Abortion Falsehoods and Truths

The Providence Journal’s editorial on the Supreme Court’s partial-birth abortion ruling isn’t quite as deceptive/deluded as Mary Ann Sorrentino’s, but at the very least, it’s misleading (emphasis added):

The U.S. Supreme Court’s 5-to-4 decision upholding the right of the federal government to impose a ban on a certain form of rarely performed second-trimester abortion is unfortunate in two major ways.
First, it extends the role of the federal government into areas best left to physicians. The court upheld the idea that there be no medical exception in which a woman’s physician, after determining that so-called partial-birth abortion (“intact dilation and evacuation”) was necessary to protect the health of the woman, could then perform the procedure.

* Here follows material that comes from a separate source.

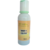Sabonete Líquido de Argila Verde - Vegano - 120ml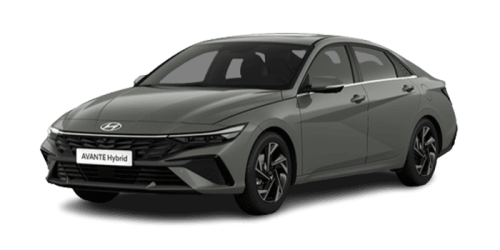 현대_더 뉴 아반떼_2026년형_가솔린 1.6 하이브리드_스마트_color_ext_left_아마존 그레이 메탈릭.png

Apparently, allowing for the procedure in order to save the life of the mother doesn’t count as a “medical exception.” Judging from the Projo’s bizarre notion of federalism, however, one must leave open the possibility that the word “exception” is used, here, to mean “constitutional right to whatever abortionists can do.” I say this because it seems the editors feel that the federal government’s power should be limited to granting broad rights to death, thus barring states from making anything more than moderate exceptions, without its being, for some reason, as unfortunate when a state government meddles in “areas best left to physicians.” (Curious, that.)

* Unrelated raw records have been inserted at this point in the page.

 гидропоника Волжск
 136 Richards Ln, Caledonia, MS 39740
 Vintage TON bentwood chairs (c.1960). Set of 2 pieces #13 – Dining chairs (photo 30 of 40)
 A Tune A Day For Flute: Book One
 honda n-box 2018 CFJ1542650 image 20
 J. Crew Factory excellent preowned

Further, whatever you think of this procedure, that the federal government in this case has again intruded into an area that seems to us to be most properly situated close to or in domestic law — and therefore in our federal system under state jurisdiction — should trouble even many conservatives. This is part of a troubling pattern we have seen in the Bush administration of undermining the right of the states to regulate medicine within their boundaries. The Terry Schiavo case and the Oregon assisted-suicide law provide the best known cases of such, to us, inappropriate intervention.
In short, the ruling appears to be a dangerous over-reaching of federal jurisdiction, and one that we especially fear may set an unfortunate precedent for further inroads into individual rights and the relationship between physician and patient, up to and including an outright federal ban on abortion, thus overturning 1973’s Roe v. Wade protection of that right.

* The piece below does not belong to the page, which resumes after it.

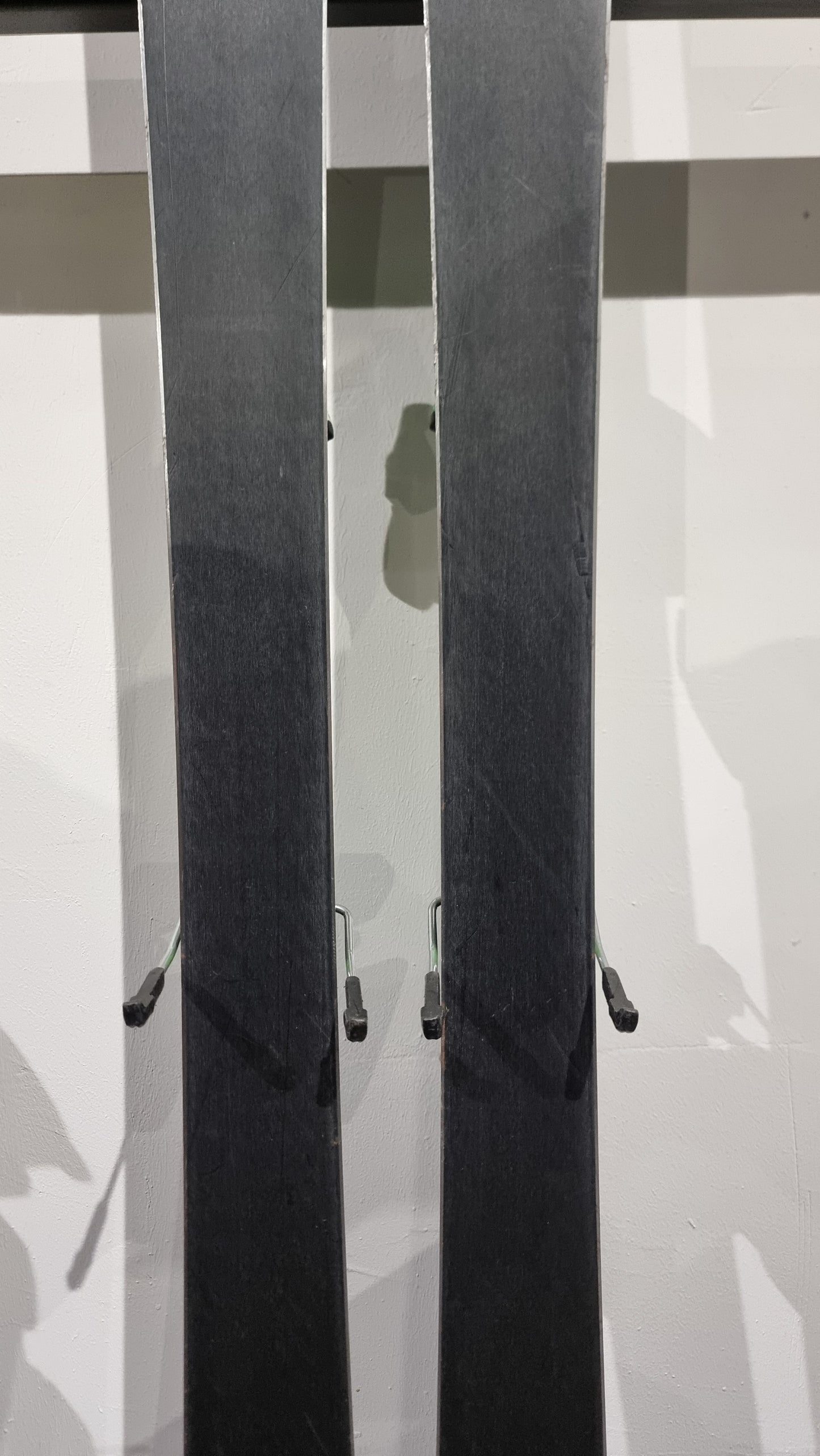 Rossignol Experience 84AI 168cm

Contrary to the Projo’s dismissive “whatever you think of this procedure,” before conservatives — or just, you know, human beings — decide what they should be troubled about, it might be helpful for them to understand just what they’re supposed to gloss over. Here’s a passage from Gonzales v. Carhart by which future generations will have opportunity to judge us for centuries hence (citations removed):

The surgical procedure referred to as “dilation and evacuation” or “D&E” is the usual abortion method in [the second] trimester. Although individual techniques for performing D&E differ, the general steps are the same.
A doctor must first dilate the cervix at least to the extent needed to insert surgical instruments into the uterus and to maneuver them to evacuate the fetus. The steps taken to cause dilation differ by physician and gestational age of the fetus. …
After sufficient dilation the surgical operation can commence. The woman is placed under general anesthesia or conscious sedation. The doctor, often guided by ultrasound, inserts grasping forceps through the woman’s cervix and into the uterus to grab the fetus. The doctor grips a fetal part with the forceps and pulls it back through the cervix and vagina, continuing to pull even after meeting resistance from the cervix. The friction causes the fetus to tear apart. For example, a leg might be ripped off the fetus as it is pulled through the cervix and out of the woman. The process of evacuating the fetus piece by piece continues until it has been completely removed. A doctor may make 10 to 15 passes with the forceps to evacuate the fetus in its entirety, though sometimes removal is completed with fewer passes. Once the fetus has been evacuated, the placenta and any remaining fetal material are suctioned or scraped out of the uterus. The doctor examines the different parts to ensure the entire fetal body has been removed.
Some doctors, especially later in the second trimester, may kill the fetus a day or two before performing the surgical evacuation. They inject digoxin or potassium chloride into the fetus, the umbilical cord, or the amniotic fluid. Fetal demise may cause contractions and make greater dilation possible. Once dead, moreover, the fetus’ body will soften, and its removal will be easier. Other doctors refrain from injecting chemical agents, believing it adds risk with little or no medical benefit.
The abortion procedure that was the impetus for the numerous bans on “partial-birth abortion,” including the Act, is a variation of this standard D&E. The medical community has not reached unanimity on the appropriate name for this D&E variation. It has been referred to as “intact D&E,” “dilation and extraction” (D&X), and “intact D&X.” For discussion purposes this D&E variation will be referred to as intact D&E. The main difference between the two procedures is that in intact D&E a doctor extracts the fetus intact or largely intact with only a few passes. There are no comprehensive statistics indicating what percentage of all D&Es are performed in this manner.
Intact D&E, like regular D&E, begins with dilation of the cervix. Sufficient dilation is essential for the procedure. To achieve intact extraction some doctors thus may attempt to dilate the cervix to a greater degree. This approach has been called “serial” dilation. Doctors who attempt at the outset to perform intact D&E may dilate for two full days or use up to 25 osmotic dilators.
In an intact D&E procedure the doctor extracts the fetus in a way conducive to pulling out its entire body, instead of ripping it apart. One doctor, for example, testified:

“If I know I have good dilation and I reach in and the fetus starts to come out and I think I can accomplish it, the abortion with an intact delivery, then I use my forceps a little bit differently. I don’t close them quite so much, and I just gently draw the tissue out attempting to have an intact delivery, if possible.”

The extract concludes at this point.